- [What is required] Transcribe exactly, please, the line bearing "Leopard print faux fur jacket" and all later lines through the end of the records, with the pictures left out.

(Records shown Opens)

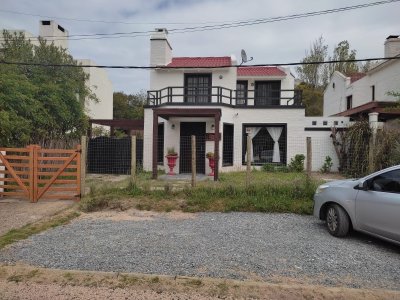 Casa a tres cuadras del centro de La Barra de 4 dormitorios en venta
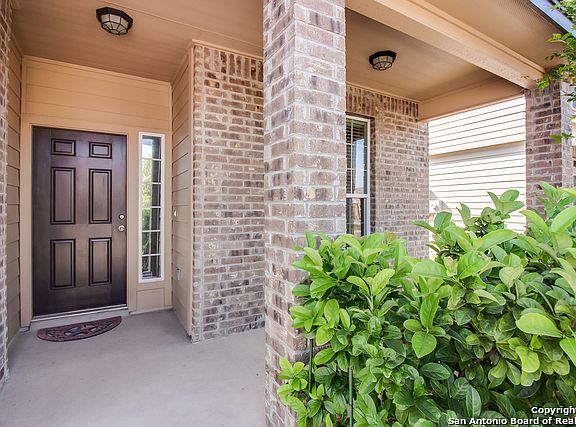 2nd image of 8434 Meadow Plns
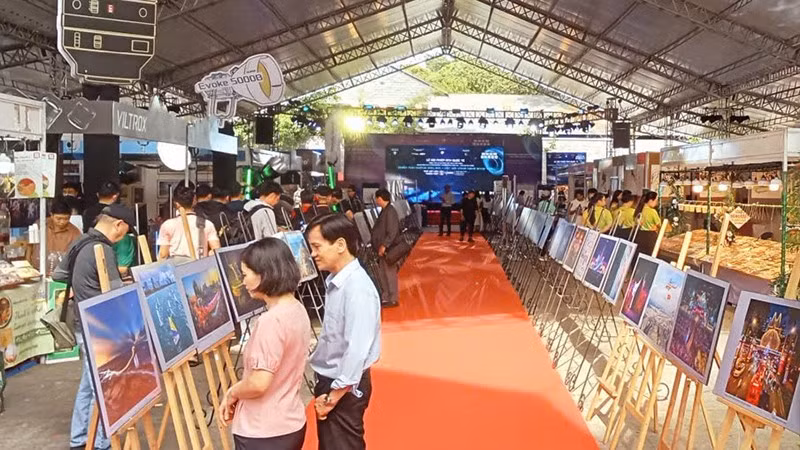 Người yêu nghệ thuật ở Thành phố Hồ Chí Minh thưởng lãm tranh thiền của họa sĩ Park Soo Hyung.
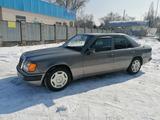 Mercedes-Benz E 200 1992 года за 1 920 000 тг. в Есик – фото 3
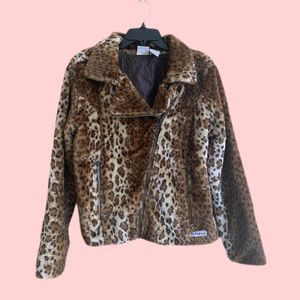Leopard print faux fur jacket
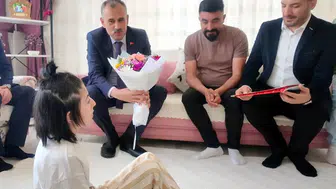 Ağrı'da karne heyecanı evde eğitim gören Elif’in evine taşındı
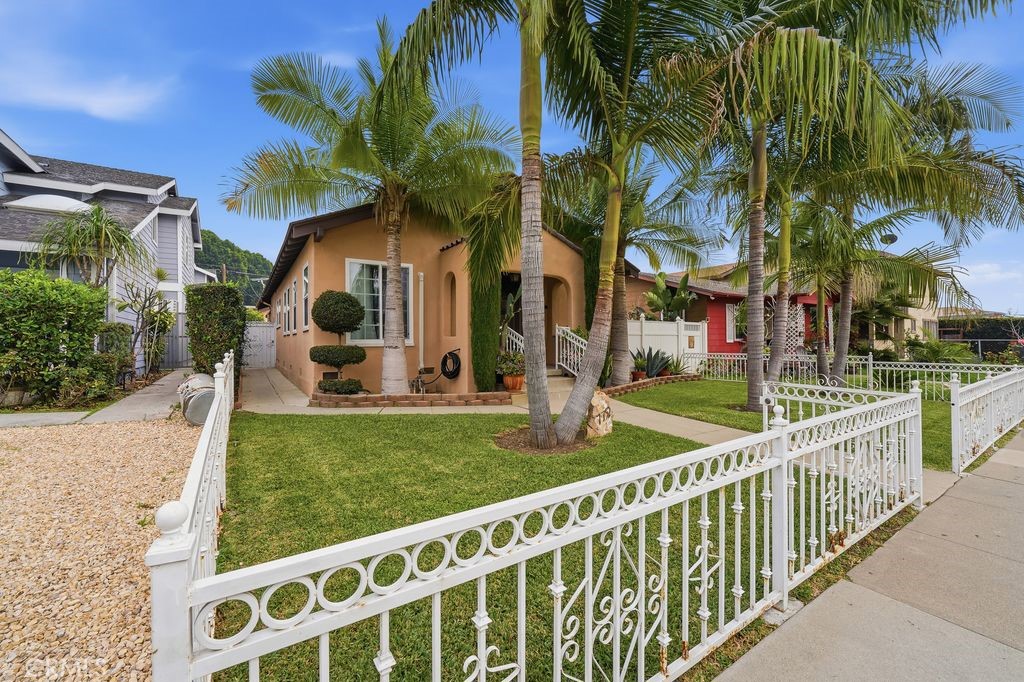 7752 Comstock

(Records shown Closes)

- [Exercise output]
Leopard print faux fur jacket
 Ağrı'da karne heyecanı evde eğitim gören Elif’in evine taşındı
 7752 Comstock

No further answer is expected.